Skiffle is a music genre with jazz, blues, folk and American folk influences, usually using a combination of manufactured and homemade or improvised instruments. Originating as a term in the United States in the first half of the 20th century, it became popular again in the UK in the 1950s, where it was associated with artists such as Lonnie Donegan, The Vipers Skiffle Group, Ken Colyer and Chas McDevitt. Skiffle played a major part in beginning the careers of later eminent jazz, pop, blues, folk and rock musicians and has been seen as a critical stepping stone to the second British folk revival, blues boom and British Invasion of the US popular music scene.

The origins of skiffle are obscure but are generally thought to lie in African-American musical culture in the early 20th century. Skiffle is often said to have developed from New Orleans jazz, but this claim has been disputed. Improvised jug bands playing blues and jazz were common across the American South in the early decades of the 20th century. They used instruments such as the washboard, jugs, washtub bass, cigar-box fiddle, musical saw and comb-and-paper kazoos, as well as more conventional instruments, such as acoustic guitar and banjo.

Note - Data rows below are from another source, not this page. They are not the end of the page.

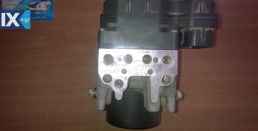 TOYOTA RAV 4 ABS,ΔΑΓΚΑΝΕΣ,ΔΙΣΚΟΠΛΑΚΕΣ www.saravalaki.com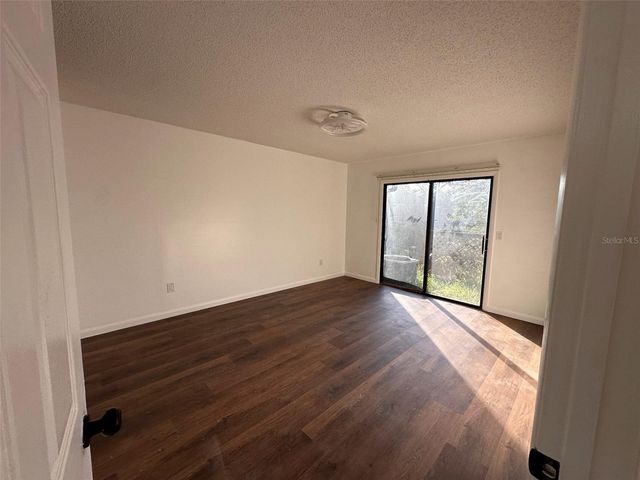 705 TEAL LANE, Altamonte Springs, FL 32701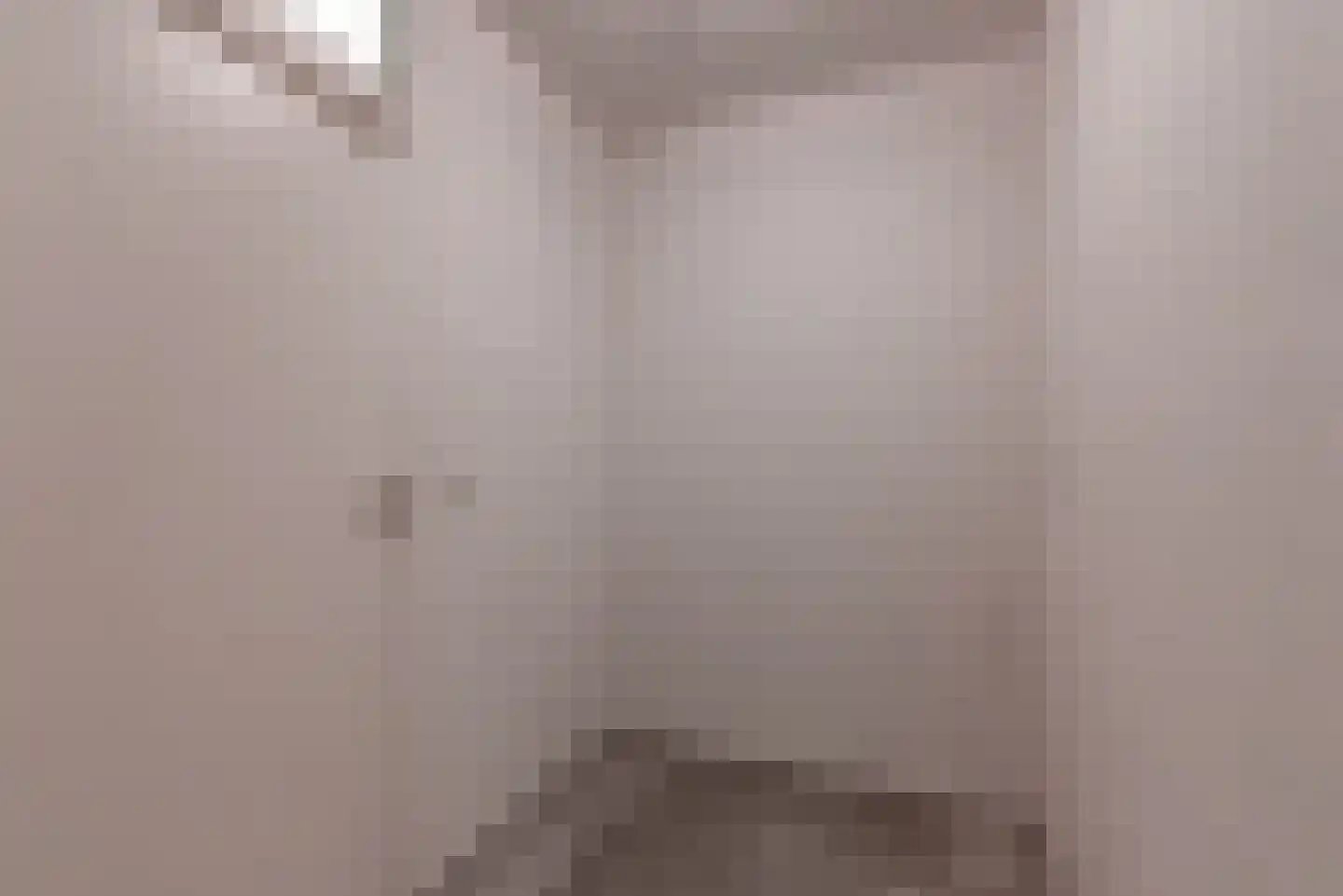 Vondelstaete 537 Alkmaar thumbnail 16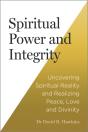 Spiritual Power And Integrity - Preview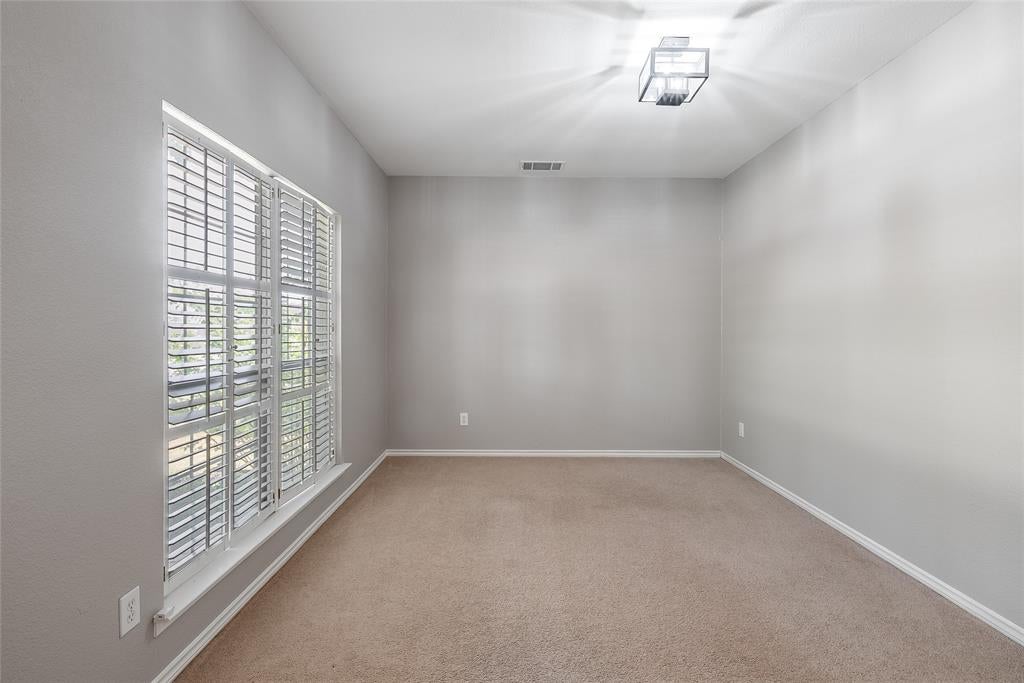 1310 Rosewood Lane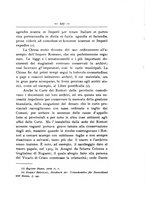 giornale/RAV0102110/1906-1907/unico/00000233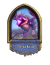 BOM 10 UndeadOnyxia 007hb.png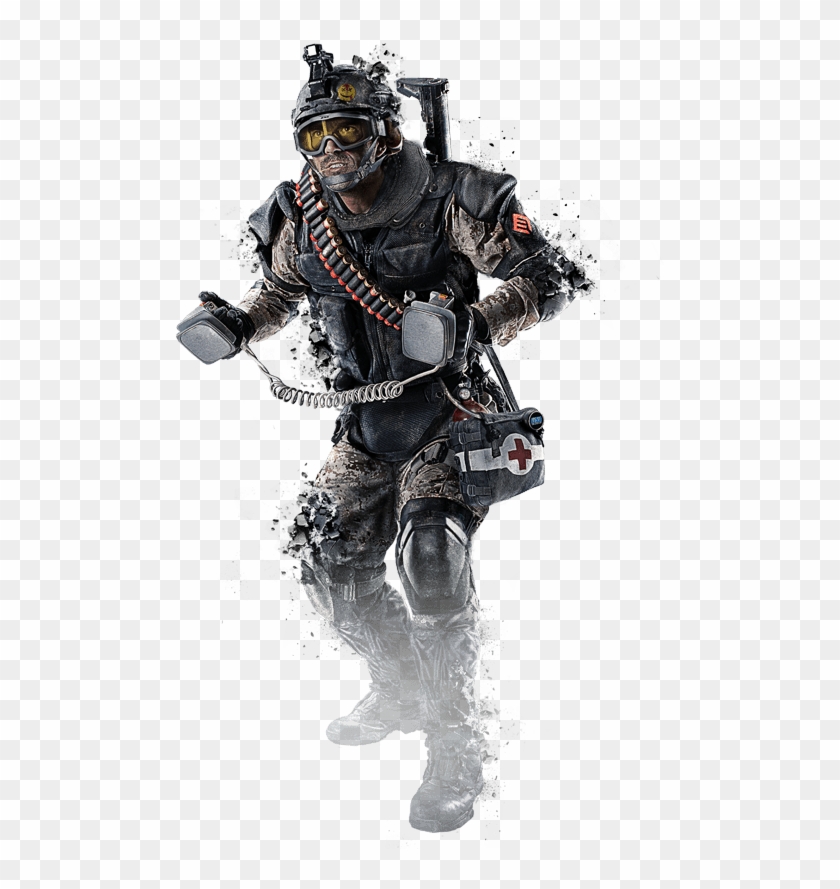 [lounge] Warface On Ps4 - Warface Png Clipart #4516243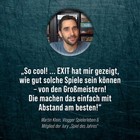 Bild 4 von 5
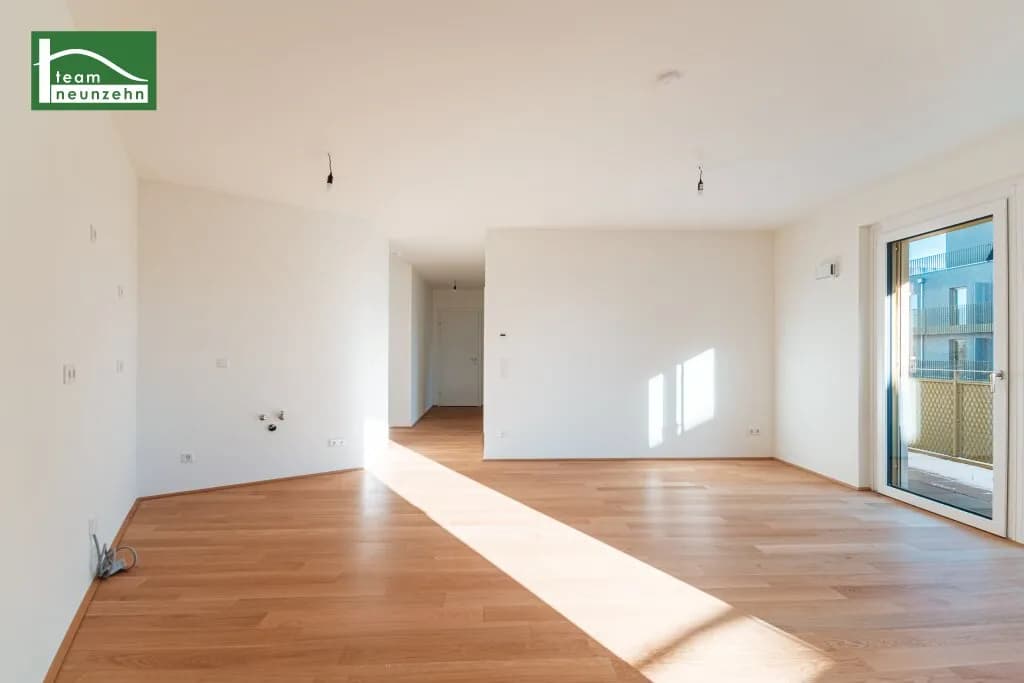 Immobilie kaufen in Wien – 65,97 m², € 360.000 – Bild 5 von 30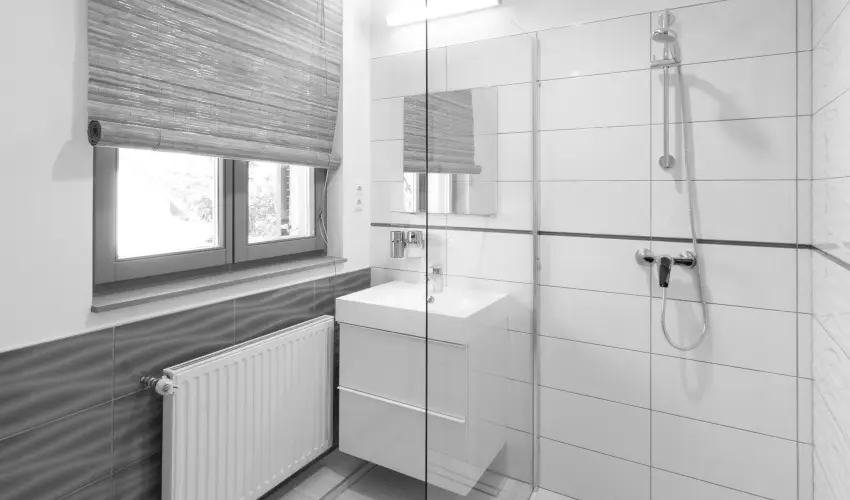 Villa Oliva Boutique Rooms Zam�rdi - Kedvezm�nyes �r csal�dok r�sz�reak reggelis ell�t�ssal (1 �jt�l)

The origin of the English word skiffle is unknown. However, in the dialect of the west of England to make a skiffle meaning to make a mess of any business is attested from 1873. In early 20th century America the term skiffle was one of many slang phrases for a rent party, a social event with a small charge designed to pay rent on a house. It was first recorded in Chicago in the 1920s and may have been brought there as part of the African-American migration to northern industrial cities.